- Opening Delimiter -

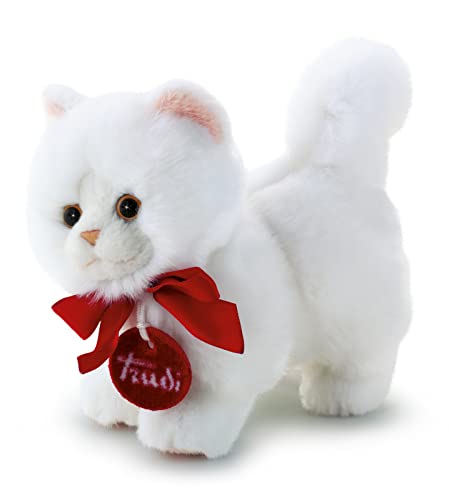 Trudi , Trudino Persian Cat: plush white kitten , Christmas, baby shower, birthday or Christening gift for kids, Plush Toys , Suitable from birth von Trudi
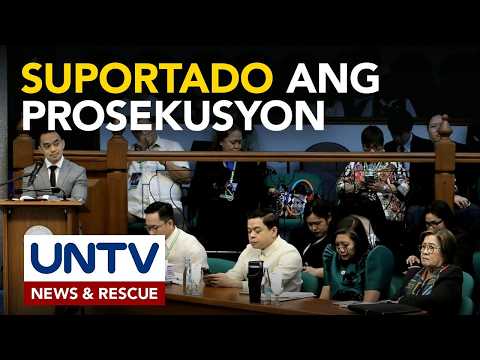 Naghain ng impeachment complaints vs VP Sara, suportado ang stratehiya ng prosekusyon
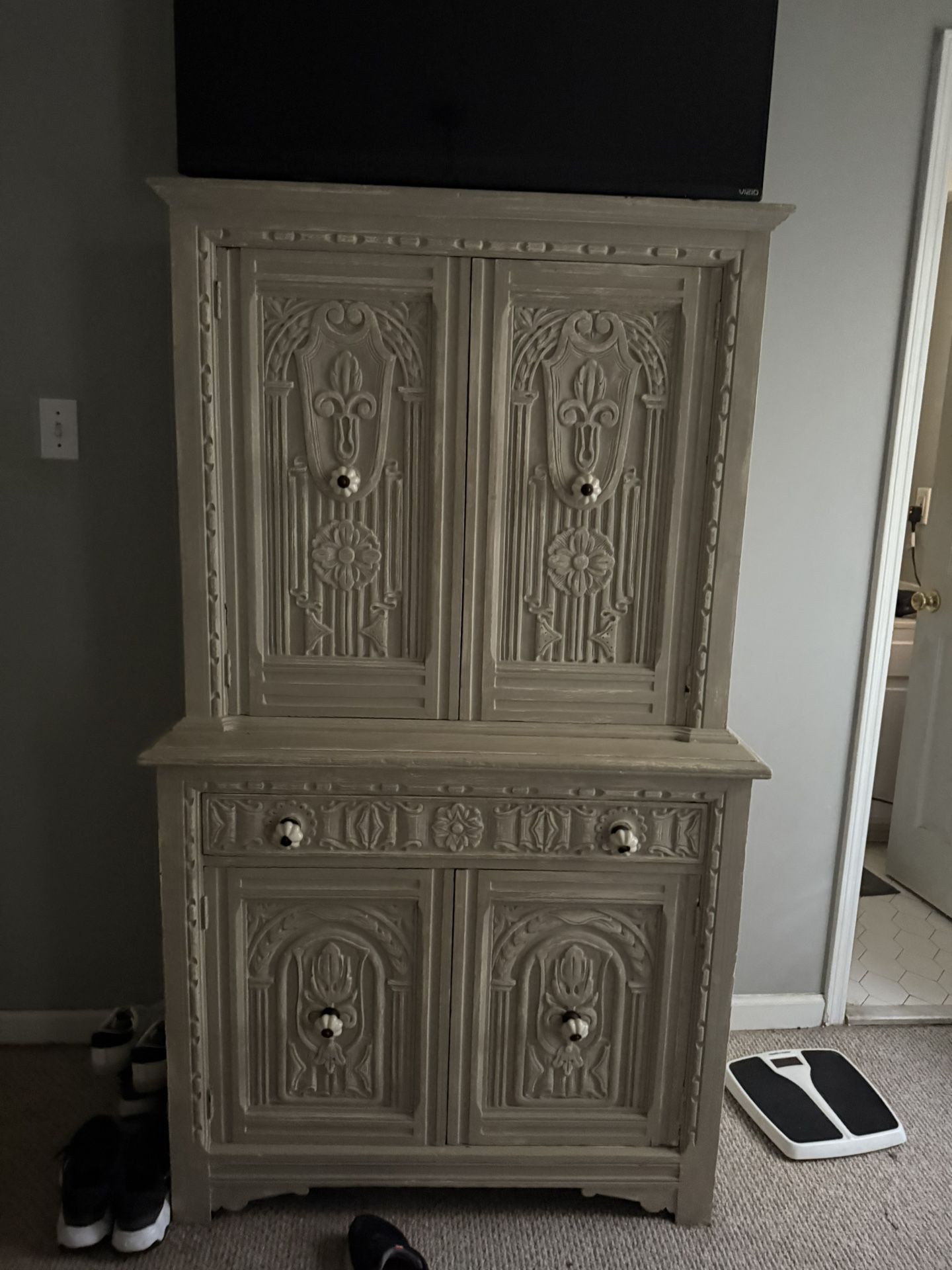 Armoire For Jewelry And Shoes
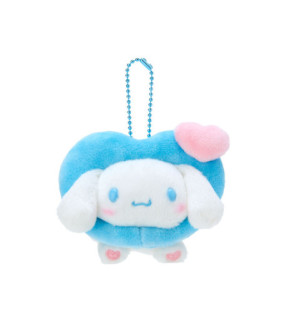 Cinnamoroll Mascot Plush Keychain: Colorful Heart Series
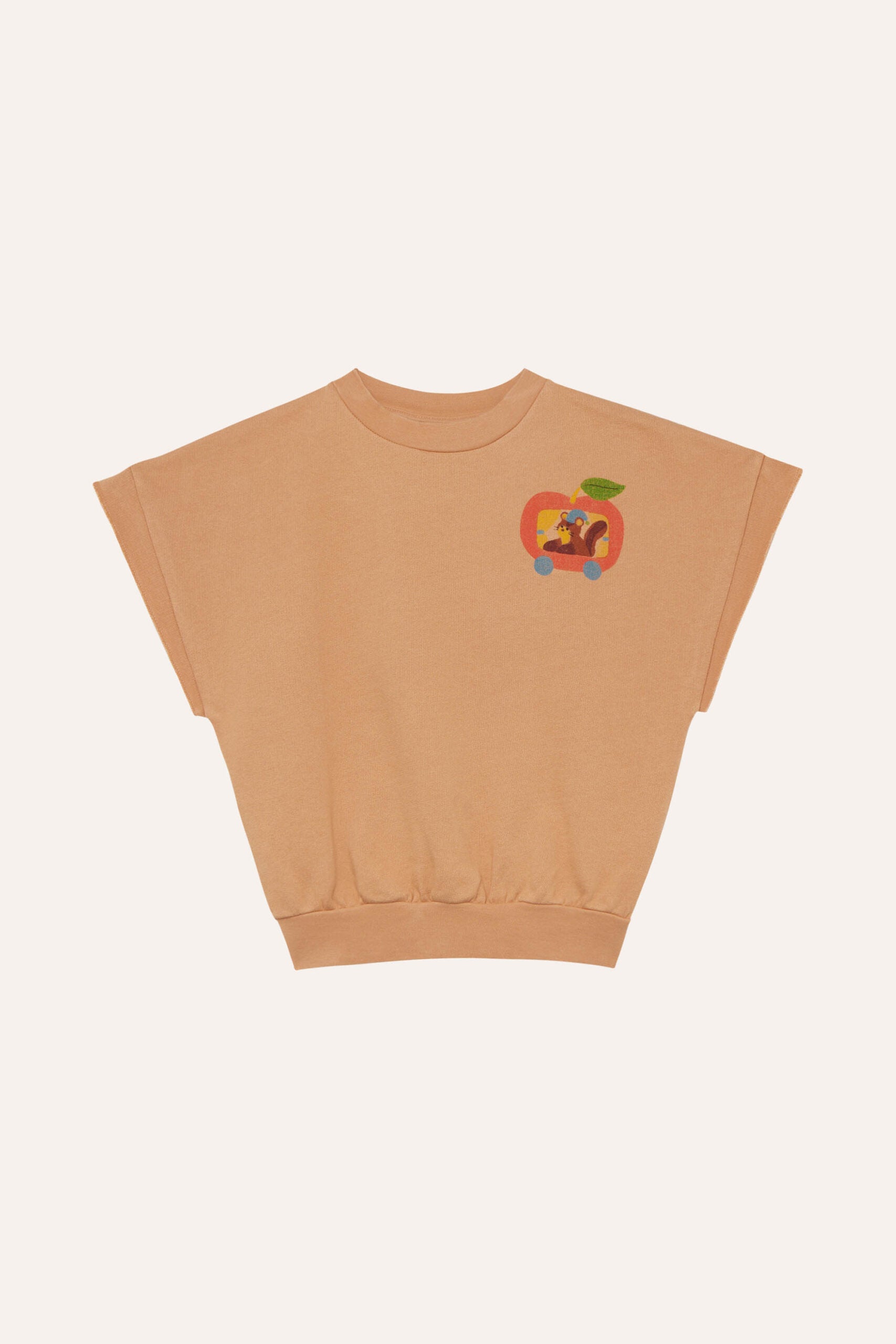 Chaleco Oversize Squirrel in an Apple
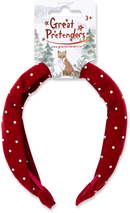 Sparkle Red Velvet Headband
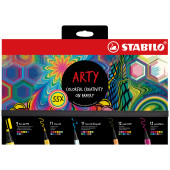 SET CREATIVE ARTY PENNARELLI SCATOLA IN CARTONE DA 55 PEZZI STABILO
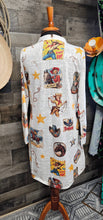 Load image into Gallery viewer, Vintage Cowgirl Collage Western Lightweight Cardigan
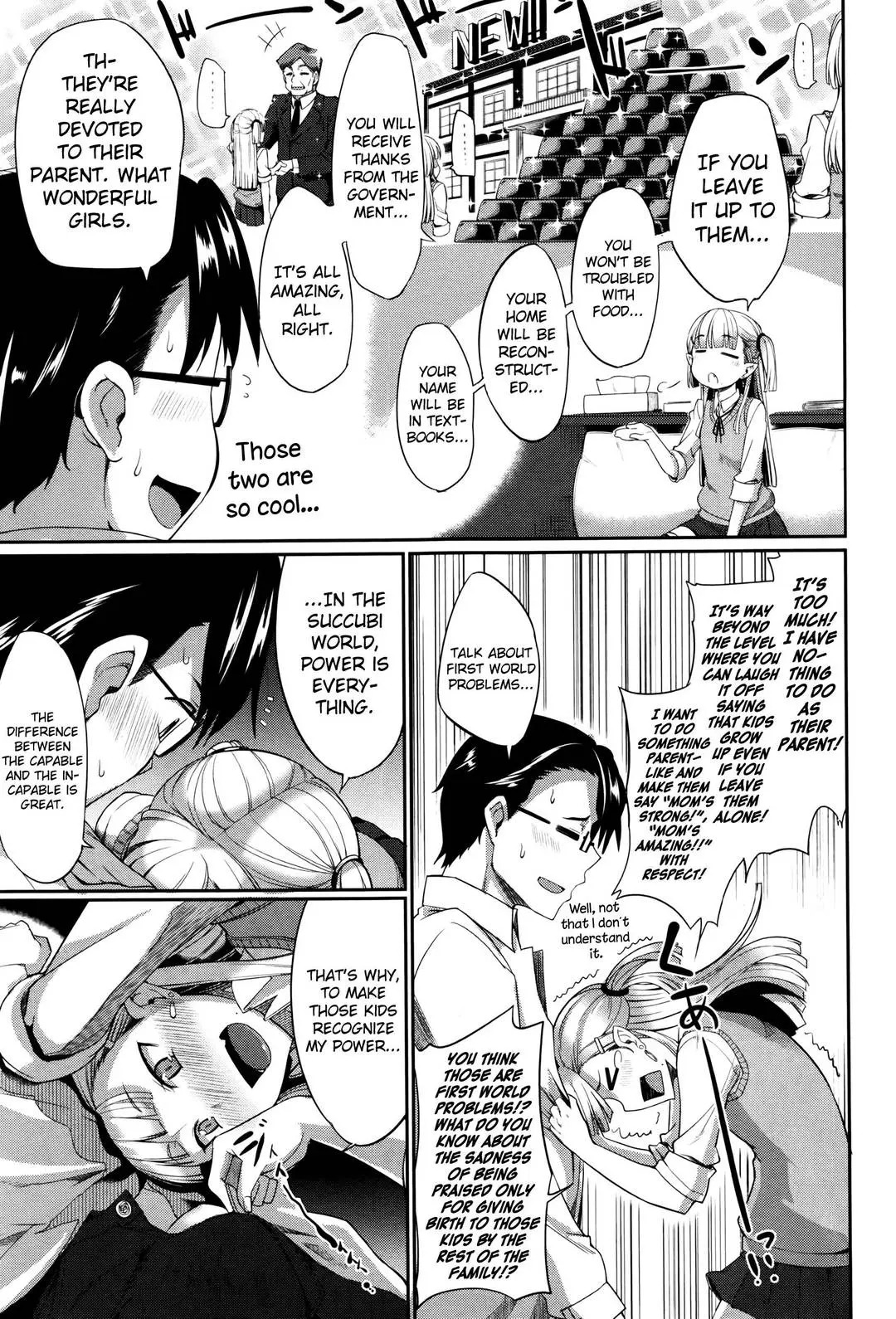Masato, Ayano, and Tomoe in a succubi seduction threesome with ahegao and double blowjob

- Closing Delimiter -

Without the pictures, repeat exactly the lines running from the line containing "Chaleco Oversize Squirrel in an Apple" through the end of the data, both ends included.

 Chaleco Oversize Squirrel in an Apple
 Sparkle Red Velvet Headband
 SET CREATIVE ARTY PENNARELLI SCATOLA IN CARTONE DA 55 PEZZI STABILO
 Load image into Gallery viewer, Vintage Cowgirl Collage Western Lightweight Cardigan
Masato, Ayano, and Tomoe in a succubi seduction threesome with ahegao and double blowjob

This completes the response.